BTW: my blog is acting up so I couldn’t link to the picture of my kids. So you can play guess which kids belong to East Bluff Barbie, if you go to the Journal Star and check them out!
October 9th, 2007
I have never been so glad to have put my kids on the bus as I was this morning. We have had a full weekend and I am ready for a break. Saturday, Brad and I attended my friend’s wedding while the boys went to InPlay for a birthday party. The birthday boy’s mom and grandma were kind enough to let all three of my boys attend the party and let them come to their house afterward so we wouldn’t miss the wedding reception. I thank them for that.

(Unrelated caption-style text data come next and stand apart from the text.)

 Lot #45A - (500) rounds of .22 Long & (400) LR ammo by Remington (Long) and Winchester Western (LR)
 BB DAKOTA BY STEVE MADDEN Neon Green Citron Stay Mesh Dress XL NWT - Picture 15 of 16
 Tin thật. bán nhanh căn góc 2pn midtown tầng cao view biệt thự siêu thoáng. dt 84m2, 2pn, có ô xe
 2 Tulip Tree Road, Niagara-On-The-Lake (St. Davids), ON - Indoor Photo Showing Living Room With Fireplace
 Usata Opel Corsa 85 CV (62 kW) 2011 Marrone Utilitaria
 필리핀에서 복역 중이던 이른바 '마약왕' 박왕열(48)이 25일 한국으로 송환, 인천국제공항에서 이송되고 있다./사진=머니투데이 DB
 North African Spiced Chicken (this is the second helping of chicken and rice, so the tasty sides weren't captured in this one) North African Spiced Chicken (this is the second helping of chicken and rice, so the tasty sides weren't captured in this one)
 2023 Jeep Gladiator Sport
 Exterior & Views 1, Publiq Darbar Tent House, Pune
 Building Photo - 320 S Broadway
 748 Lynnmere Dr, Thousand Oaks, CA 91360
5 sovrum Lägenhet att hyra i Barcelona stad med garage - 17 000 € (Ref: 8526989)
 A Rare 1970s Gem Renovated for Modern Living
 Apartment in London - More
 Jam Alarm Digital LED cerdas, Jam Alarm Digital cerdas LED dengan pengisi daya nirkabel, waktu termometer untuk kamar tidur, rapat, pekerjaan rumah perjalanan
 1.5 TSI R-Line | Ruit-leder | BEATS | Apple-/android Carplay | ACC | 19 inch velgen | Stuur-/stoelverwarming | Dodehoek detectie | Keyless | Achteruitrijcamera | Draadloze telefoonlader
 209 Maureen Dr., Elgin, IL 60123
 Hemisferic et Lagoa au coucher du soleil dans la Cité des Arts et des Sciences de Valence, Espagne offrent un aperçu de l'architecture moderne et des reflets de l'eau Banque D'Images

Sunday, was basement cleaning day. All three of the boys got in trouble Friday so we made a deal that they got to go to InPlay only if they helped me clean the basement. About an hour and a half into the cleaning I was starting to wonder who was really being punished them or me. By the time four o’clock rolled around and I didn’t have as much done as I wanted and the boys were bickering and underfoot. I called my husband and told him that I need a bottle of watermelon Boone’s Farm. He came to the rescue with not one bottle but two and they were cold so none of that pesky waiting for them to get cold in the freezer. I was pretty much ready for bed by nine thirty.
Monday, I was sore as I could be from my basement adventure Sunday. I thought that I really should finish but I figured that I will work on it today before the trash comes tomorrow. The boys were at each other again. I was cursing Christopher Columbus most of the day and thankful that I had another bottle of Boone’s farm for after the kids went to bed. I ended up too tired for my Boone’s and just went to bed. Whoo, Whoo What a weekend!